PROVIDED RECORDS.

.....

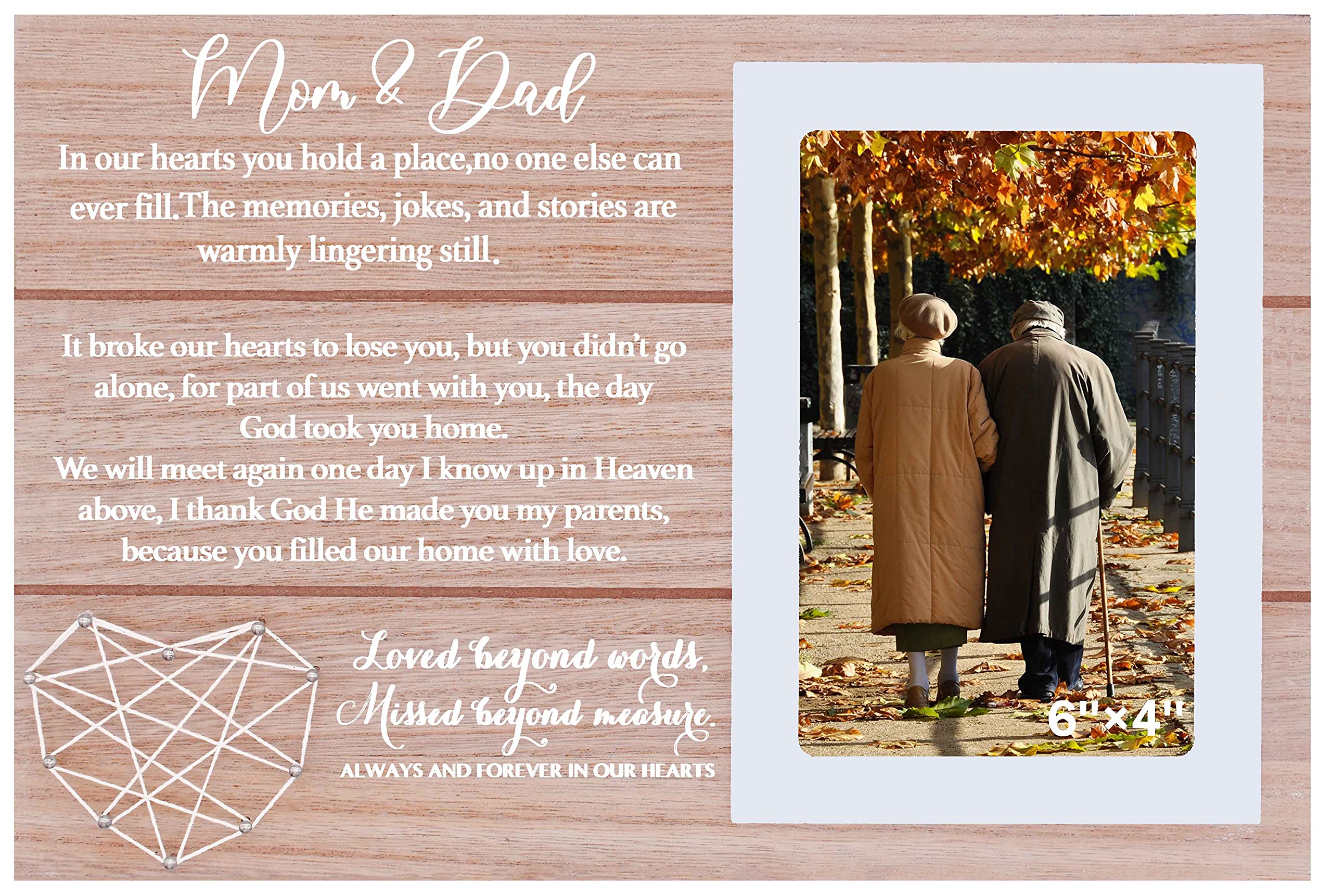 Memorial Mom and Dad Picture Frame Gift- Mom and Dad In Our Hearts You Hold A Place,Sympathy Gift for the Loss of a Loved One,Co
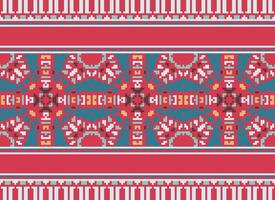 Pixel traditionell ethnisch Muster Paisley Blume Ikat Hintergrund abstrakt aztekisch afrikanisch indonesisch indisch nahtlos Muster zum Stoff drucken Stoff Kleid Teppich Vorhänge und Sarong vektor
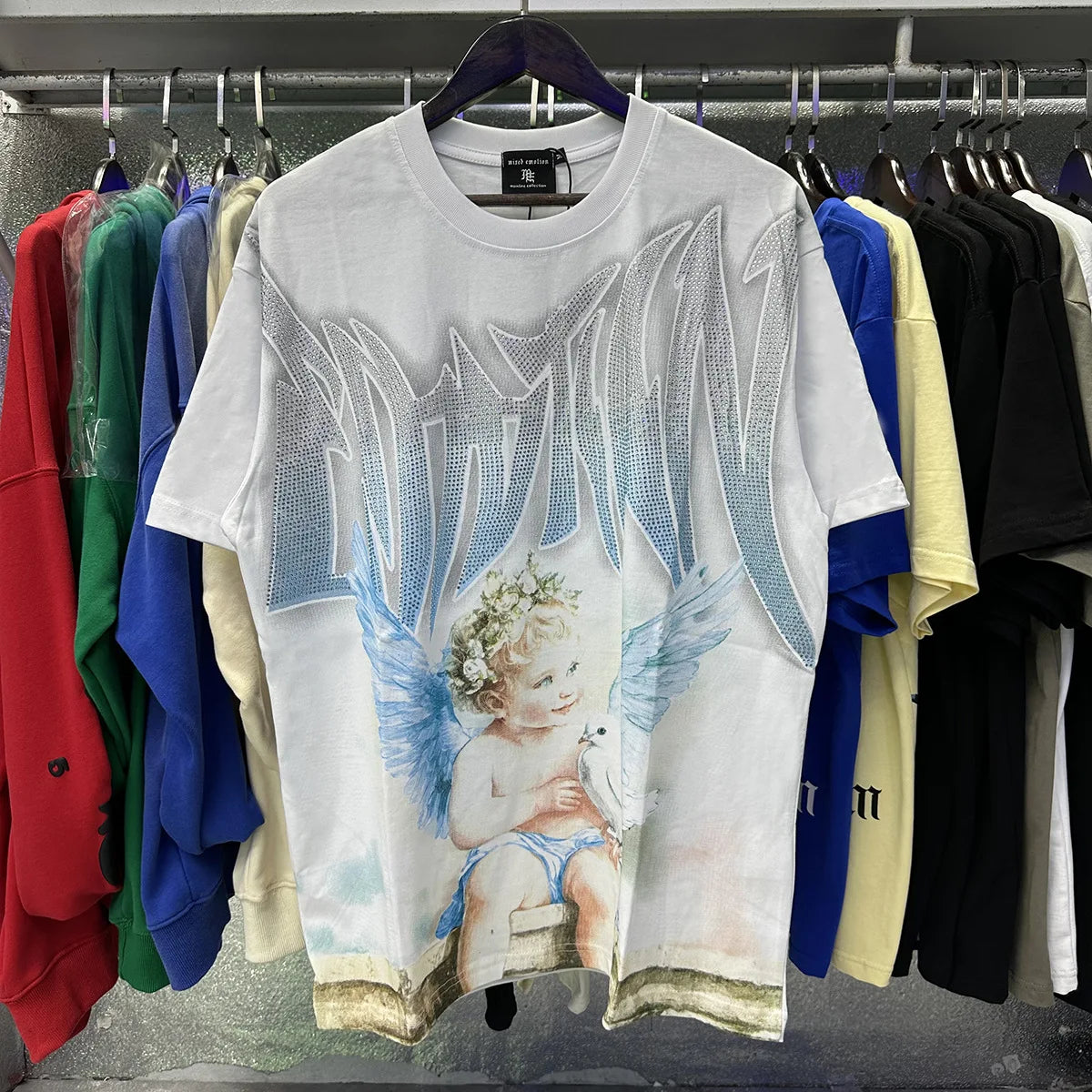 MIXED EMOTION Oversized Cotton Rhinestone T-Shirt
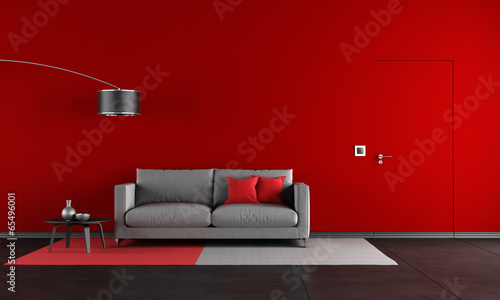 Illustration: Red and black living room Red and black living room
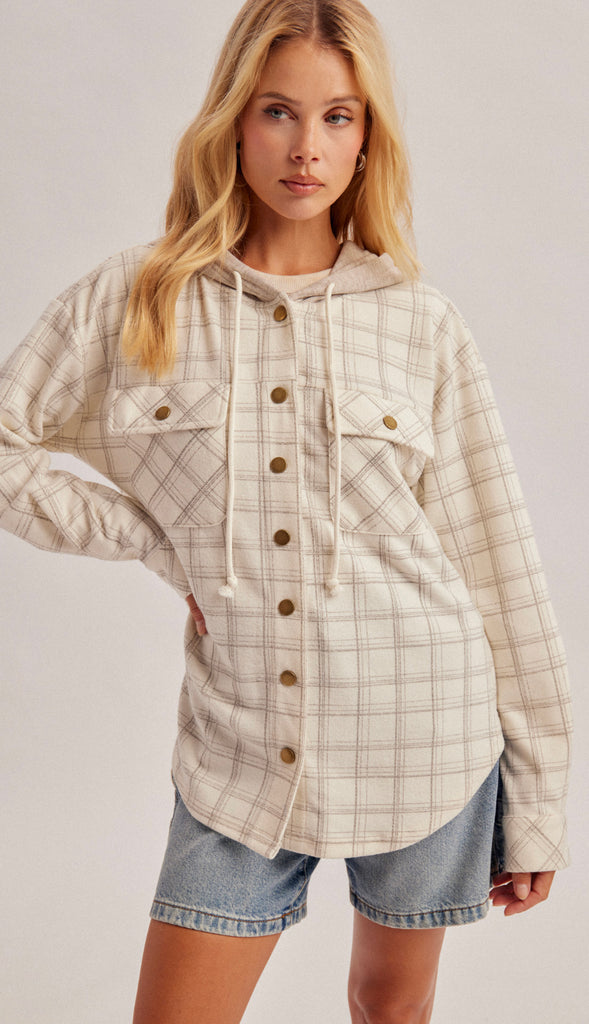 Neutral Ground Soft Brush Texture Check Plaid Hooded Shacket- Ecru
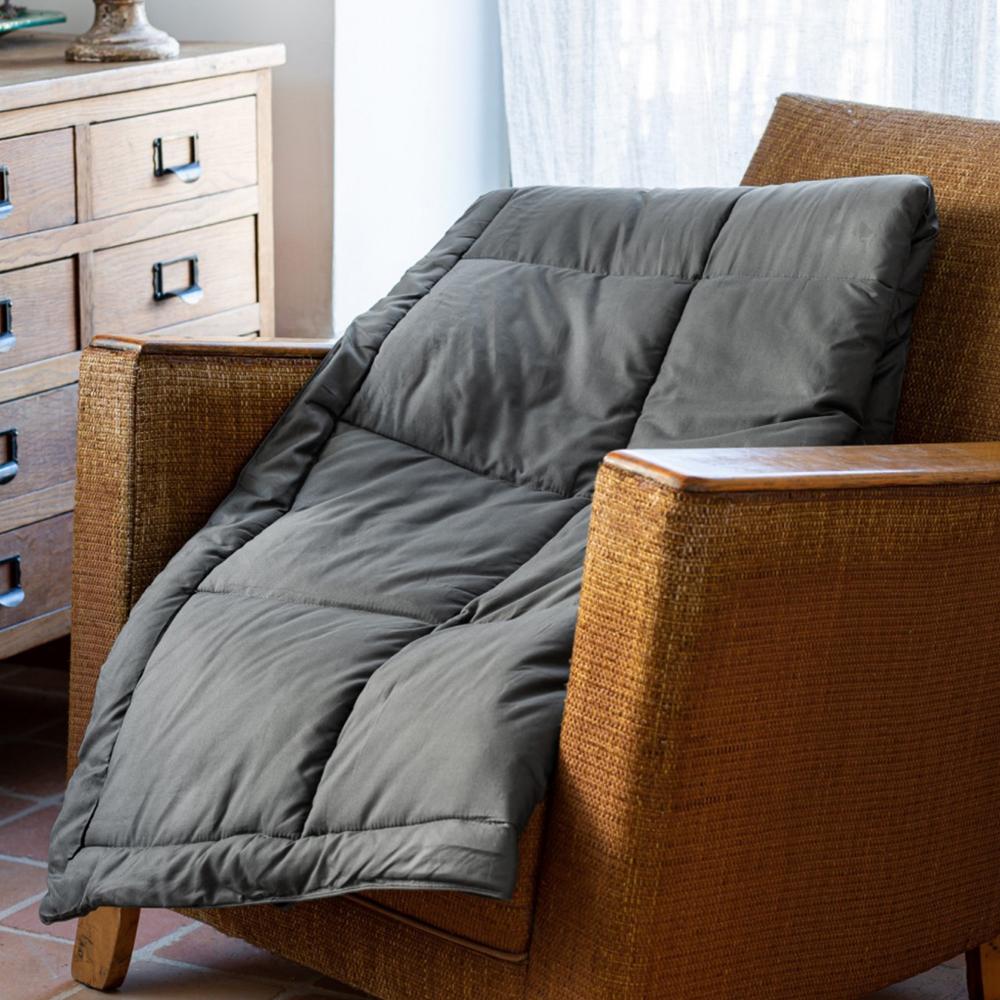 Edredon en polyester et microfibre 140x160 cm LAZY gris acier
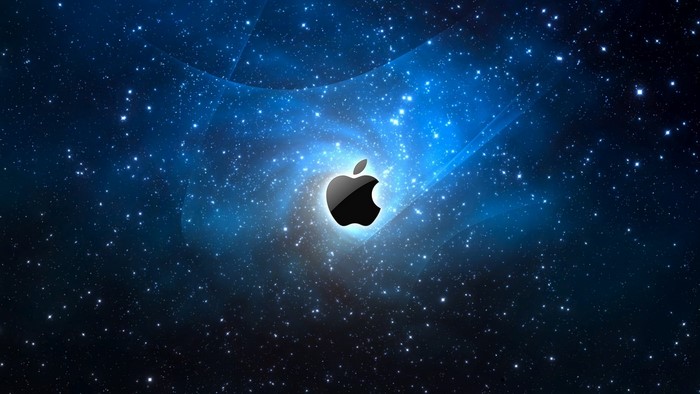 Apple logo in deep space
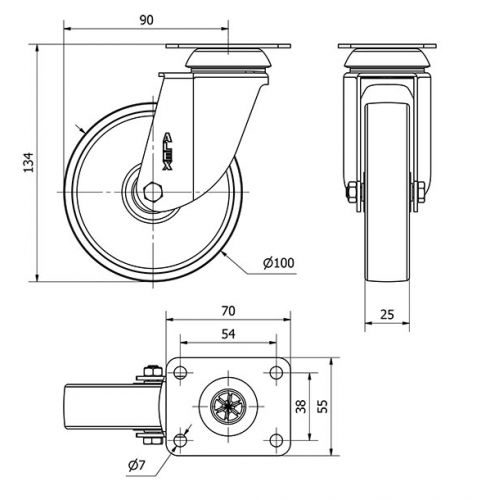 R.GIR.PLACA INOX.10BHI100-SL PLASTICO BLANCO EJE LISO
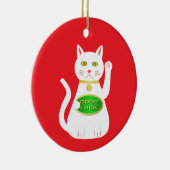 Oriental Lucky Cat Keramisch Ornament (Rechts)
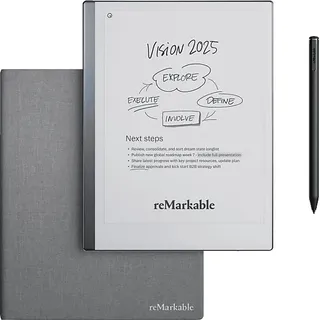 reMarkable 2, Marker Plus und Book Folio Schutzhülle Grafiktablet, Grau gewebt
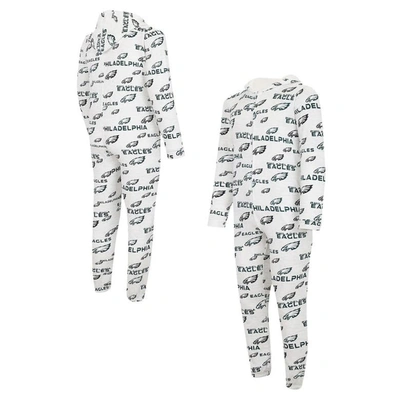 Concepts Sport White Philadelphia Eagles Allover Print Docket Union Full-zip Hooded Pyjama Suit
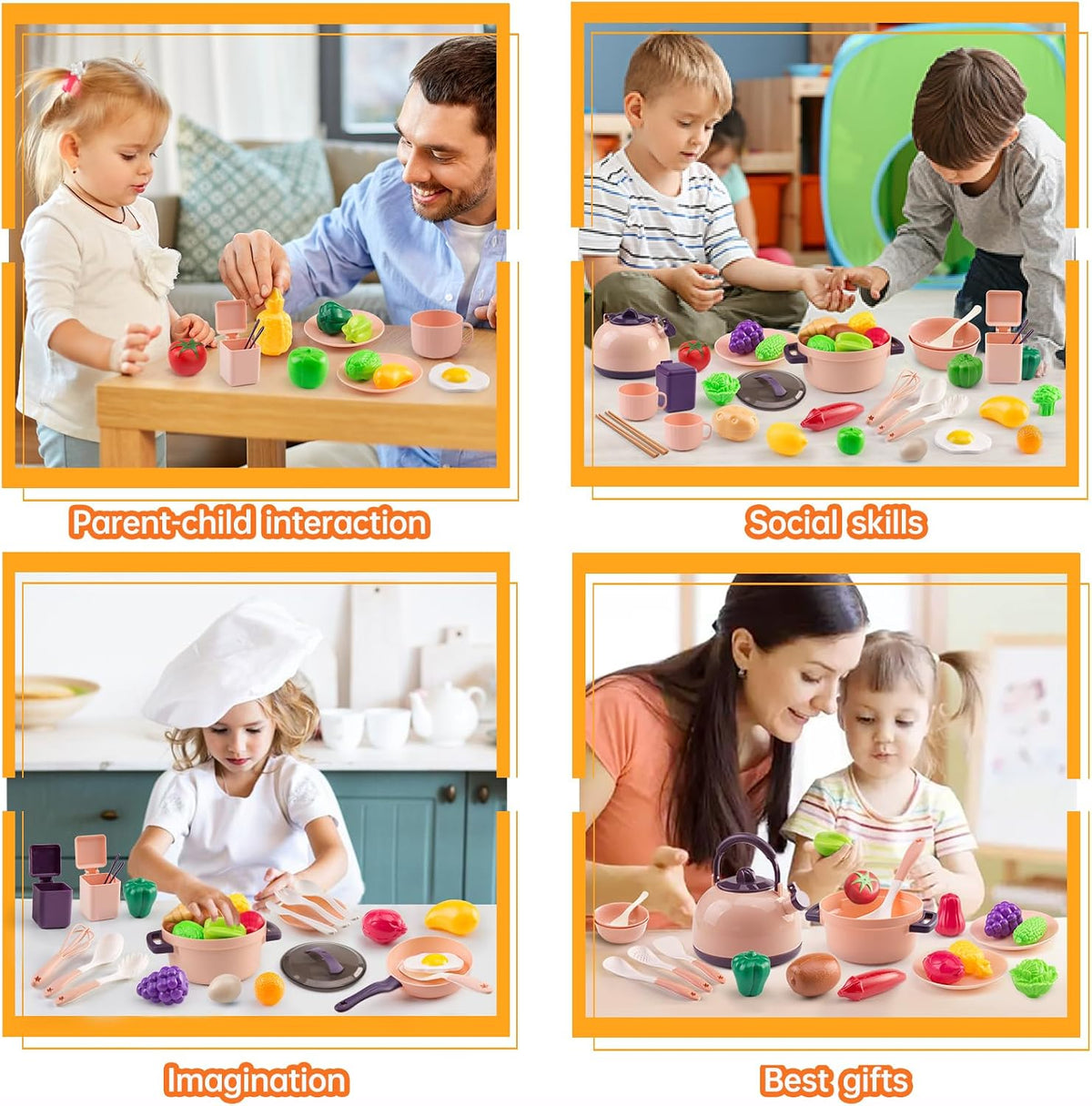 56-Piece Mini Play Kitchen Accessories for Kids Ages 3+, Pretend Cooking Playset with Cookware, Tableware & 2 Fruit Sets, Learning Gift for Girls and Boys, Pink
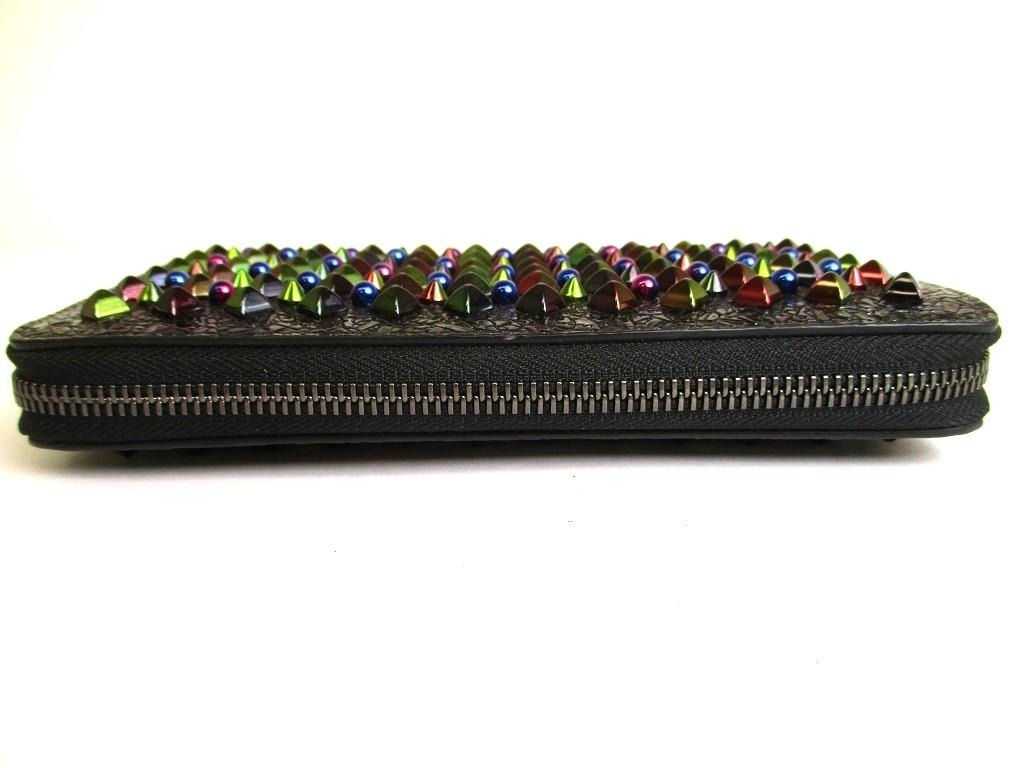 Authentic Christian Louboutin Panettone Black Leather Multicolor Spikes Round Zip Wallet #9746  Refurbished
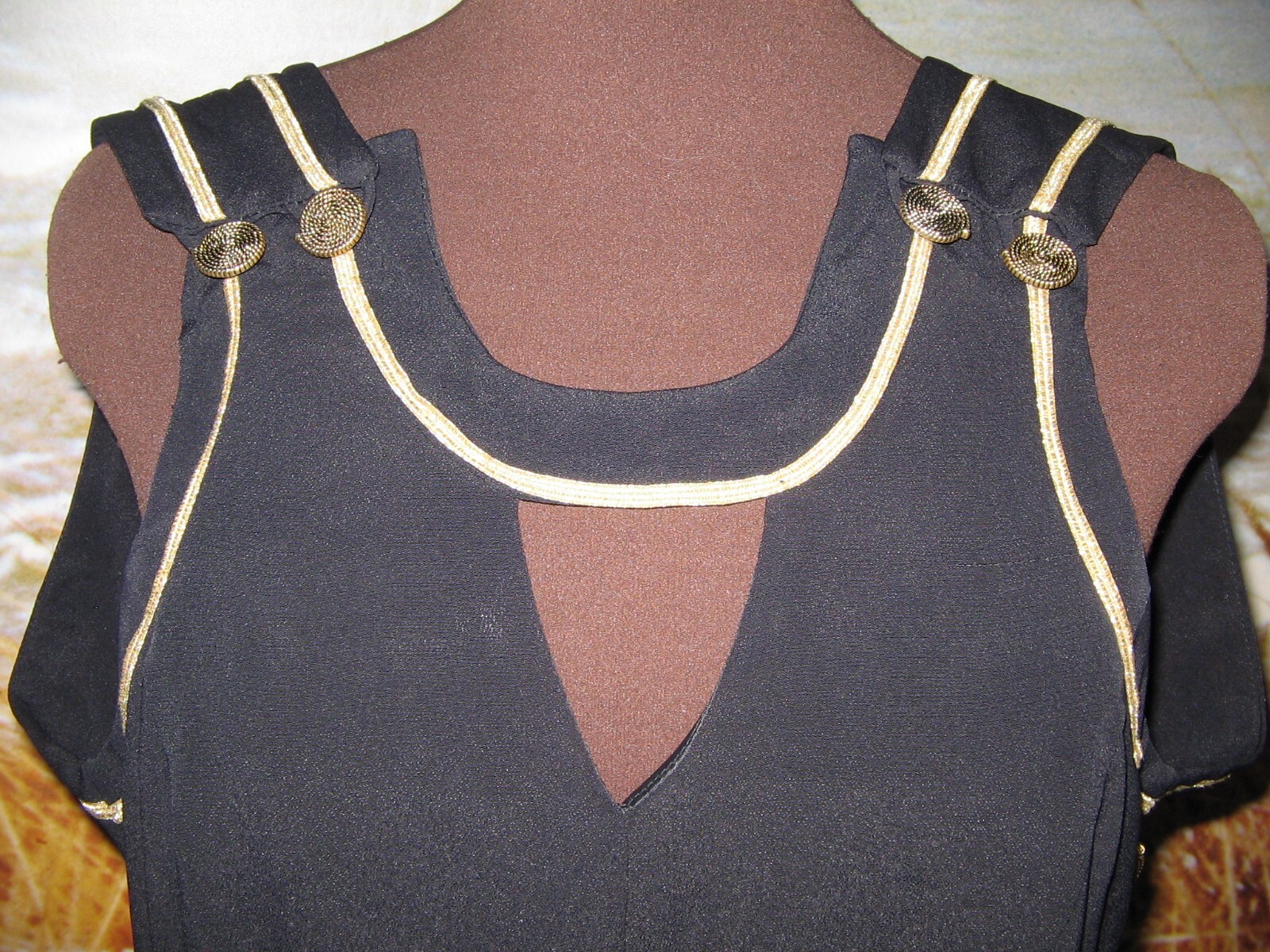 VINTAGE BLACK JUMPSUIT NAUTICAL GOLD BRAID & BUTTONS SZ 4 MISS ASHLEE SEXY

.....

TASK.
Your answer should be the lines above, word for word, from the line with "Neutral Ground Soft" through the line with "Concepts Sport White", minus the pictures.

WRITTEN SOLUTION.
 Neutral Ground Soft Brush Texture Check Plaid Hooded Shacket- Ecru
 Edredon en polyester et microfibre 140x160 cm LAZY gris acier
 Apple logo in deep space
 R.GIR.PLACA INOX.10BHI100-SL PLASTICO BLANCO EJE LISO
 Oriental Lucky Cat Keramisch Ornament (Rechts)
 reMarkable 2, Marker Plus und Book Folio Schutzhülle Grafiktablet, Grau gewebt
 Concepts Sport White Philadelphia Eagles Allover Print Docket Union Full-zip Hooded Pyjama Suit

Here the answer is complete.